For what it's worth, the wind tunnel remarks remind me of the "speed lines" in art deco & art moderne architecture -- representing motion and energy. It seems appropriate.

Featheronawire Sally Bramald said...

I'm deliberately not reading anyone else's suggestions.
I like them as they are. How about one more and then have them sort of like the current layout (or better spinning round in a circle) on a purplish grey background.
I love that light you get when the sky is so very dark and the sunlight in the foreground so bright and golden. A purplish/black/grey background would emphasise that look,
Just my 2c worth

Featheronawire Sally Bramald said...

Forgot to say, my choice of background would be some sort of handye or marble. Not solid.

Christine Thresh said...

Del sent this comment to me to forward to you:

Christine - Shall I send an answer directly to her or send it to you to forward?

Off the top of my head, here are some ideas.

I agree - she definitely should put them together in a quilt. I would like to see them arranged three vertical and four horizontal, I think a "landscape" configuration would make a better impact. She should leave a little more space vertically between the windows.

I think the background should not be solid. Perhaps a mottled fabric (batik?) that is not directional would tie all the windows together. The carpet color isn't a bad background! But I think something with more yellow or more green might do. A border might be distracting, she could try just a one inch binding or no binding at all. Facing would probably work well.

I would like to see it pieced, rather than appliqued, with the seams pressed toward the background. That way the windows would be slightly inset.

I hope she will take the time to audition different configurations and different backgrounds. This could be a fabulous wall quilt.

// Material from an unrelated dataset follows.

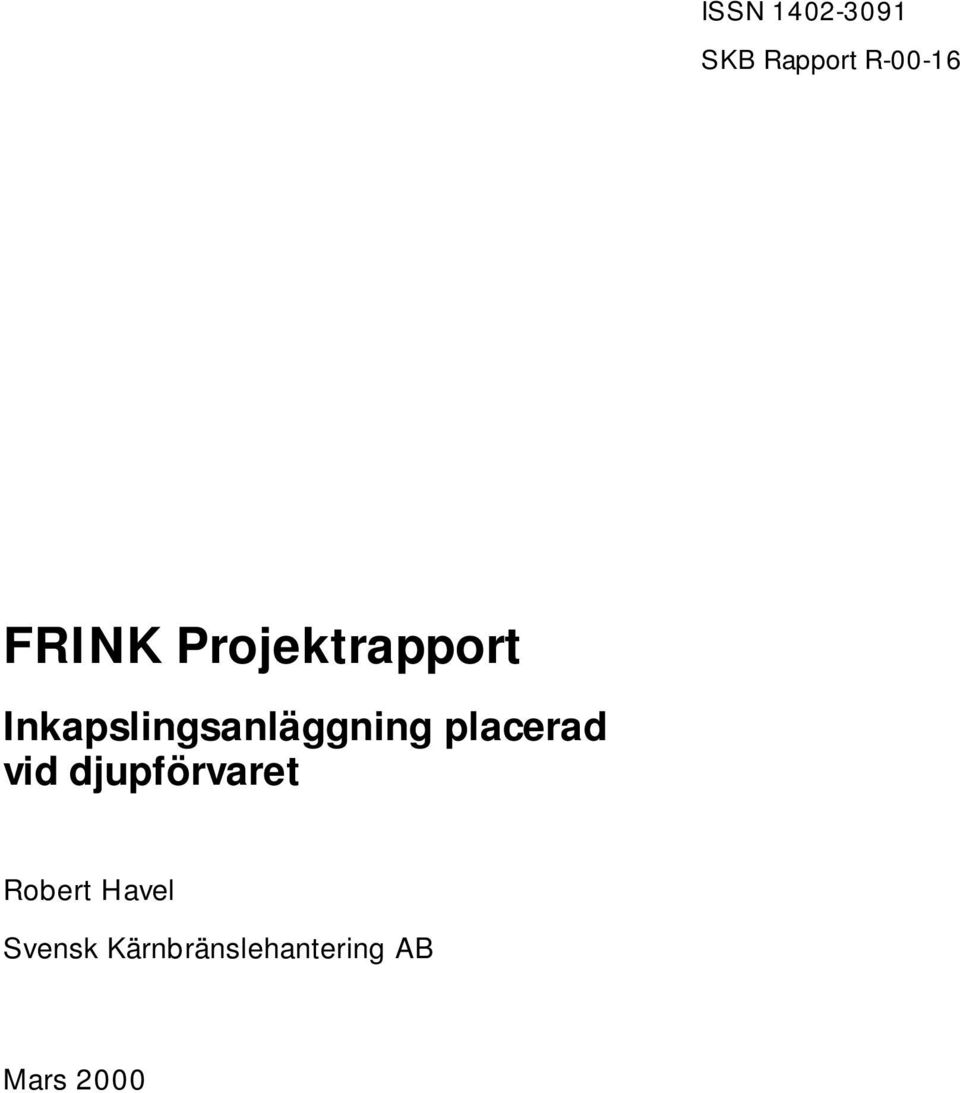 Inkapslingsanläggning placerad vid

I will continue to look at it and see if I can come up with some more ideas.

Collagemama said...

Wow! I'm so excited about all these ideas, and grateful for the input. Definitely four across, three down. I'll have to do some studying on how to piece the curves. That's probably what made me put it away in a box years ago. Thanks so much.

Collagemama said...

For Buick purists, the pattern is really the front window, not the back of the Skylark.